This coming week Wake Forest University will hold numerous “teach-ins” about race and racism in America, inspired by the creation of a “Charlottesville Syllabus” by a group of University of Virginia graduate students.

Though the stated goal of the teach-ins is, according to Melissa Harris-Perry (yes, that Melissa Harris-Perry, whose Pro Humanitate Institute is partnering with the Humanities Institute in offering the seminars), “to ensure our campus and community members have ample opportunities for meaningful engagement with the most crucial ideas, persons and events affecting our nation and our world,” the materials for the sessions aren’t exactly what one would called … “balanced.” (To be fair, one teach-in leader includes an article by Victor Davis Hanson.)

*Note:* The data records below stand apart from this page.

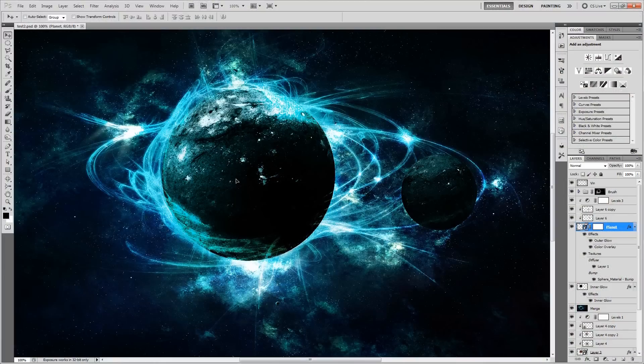Not necessarily requesting, but they really liked it on our Facebook page. And that effect would be this set of 3D planets.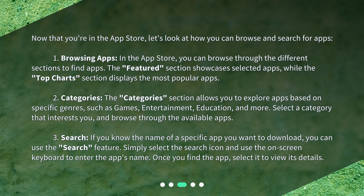If you know the name of a specific app you want to download, you can use the Search feature. Simply select the Search icon and use the on-screen keyboard to enter the app's name. Once you find the app, select it to view its details.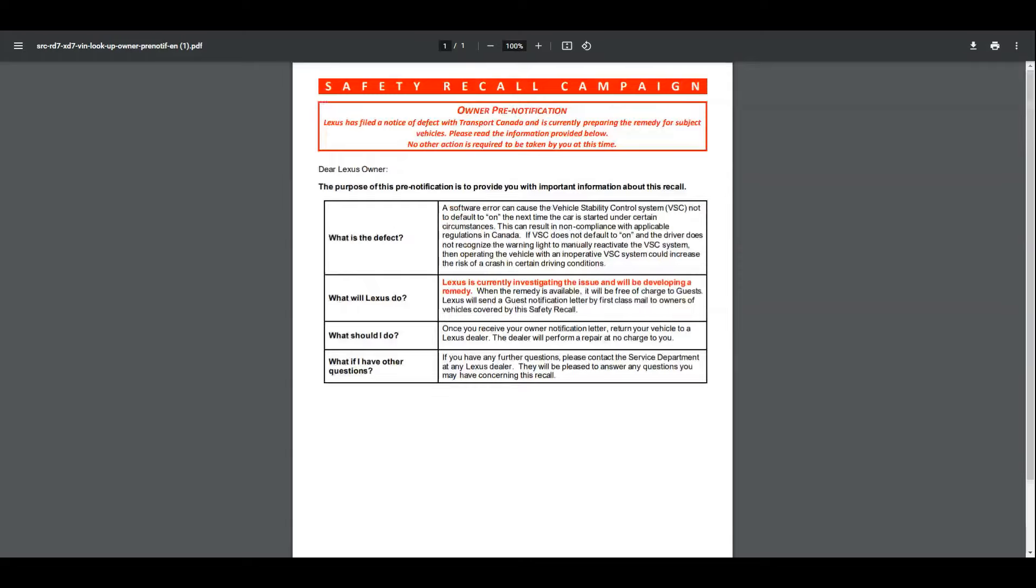We will be getting a notification by letter, first class mail, and then scheduling to your local Lexus dealership a service call so that you can actually get it fixed.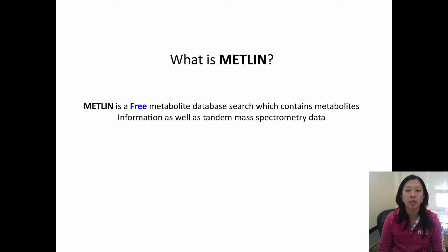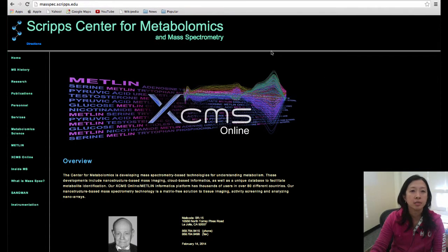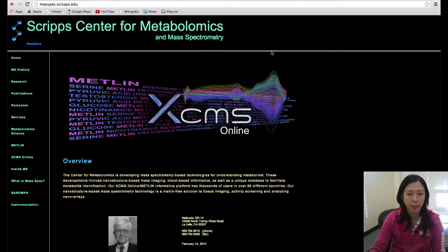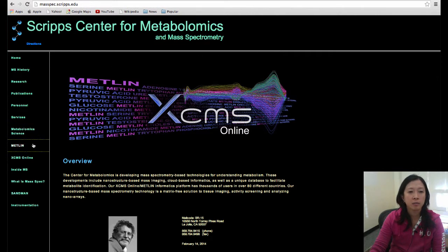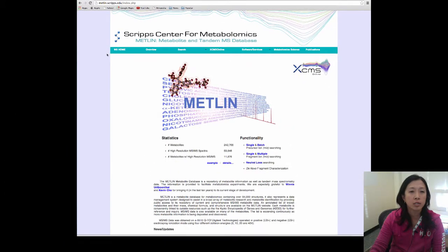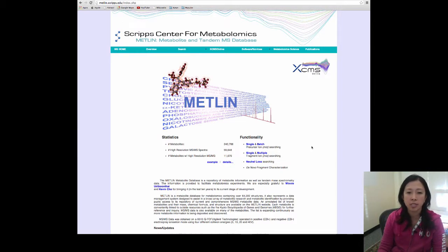It contains metabolite information as well as tandem mass spectrometry data. METLIN was created at Scripps Center for Metabolomics and Mass Spectrometry here at the Scripps Research Institute. You can access the METLIN database by going to our main web page or by typing in metlin.scripps.edu. As of today, we have over 200,000 metabolites and more than 11,000 of them contain MS-MS data.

That the UVA group which created the syllabus is called the Graduate Student Coalition for Liberation just might account for the political leanings of the material: “The GSCL welcomes new graduate student members who are committed to prioritizing the needs of students most affected by the terrors of white supremacy.”

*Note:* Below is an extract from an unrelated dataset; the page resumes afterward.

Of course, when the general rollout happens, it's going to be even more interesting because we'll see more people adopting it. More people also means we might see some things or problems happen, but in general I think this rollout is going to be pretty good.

(Interestingly, the Coalition’s website currently is suspended.)

According to the Old Gold & Black, the GSCL’s syllabus opens by stating “[it] seeks to explore the local historical and contemporary precedents for this gathering, to give it history and context, to denounce it and to amplify the voices of community members most affected by this ‘alt-right’ occupation of space.”

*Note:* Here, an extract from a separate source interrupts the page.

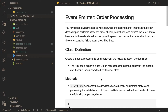Hi everyone and welcome back. In this video we are going to talk about another problem and solve it. This problem is about EventEmitter order processing — it's a HackerRank problem for getting the basic Node.js certification. We have been given a task to write an order processing script that takes the order as input and performs a few checks and validations.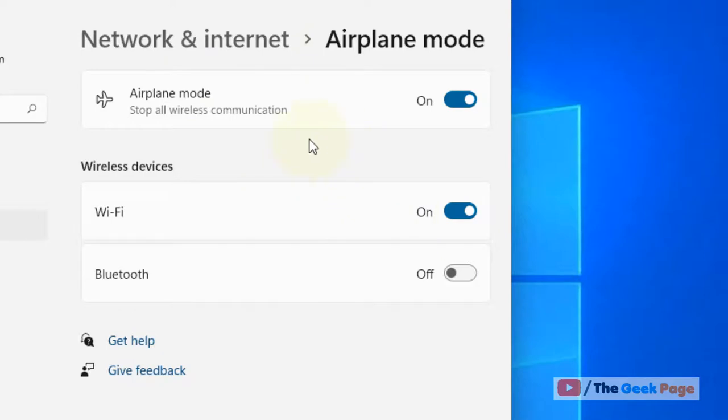So now you will be able to use the Wi-Fi even if you are in the airplane mode on your Windows 11 computer.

Wake senior Matthew Connor said the workshops “emphasize the importance of critically and analytically engaging with the events in Charlottesville and with the growing visibility of white nationalist movements across the U.S.”

“I have attended several teach-ins at Wake Forest and I generally find them to be a useful step in advancing the dialogue around campus and national social climate,” he said.

More from the article:

Ron Von Burg, an assistant professor in the [Wake] department of communication and director of graduate studies, is leading a group discussion centered around the implications of public memory and the role that monuments and memorials play.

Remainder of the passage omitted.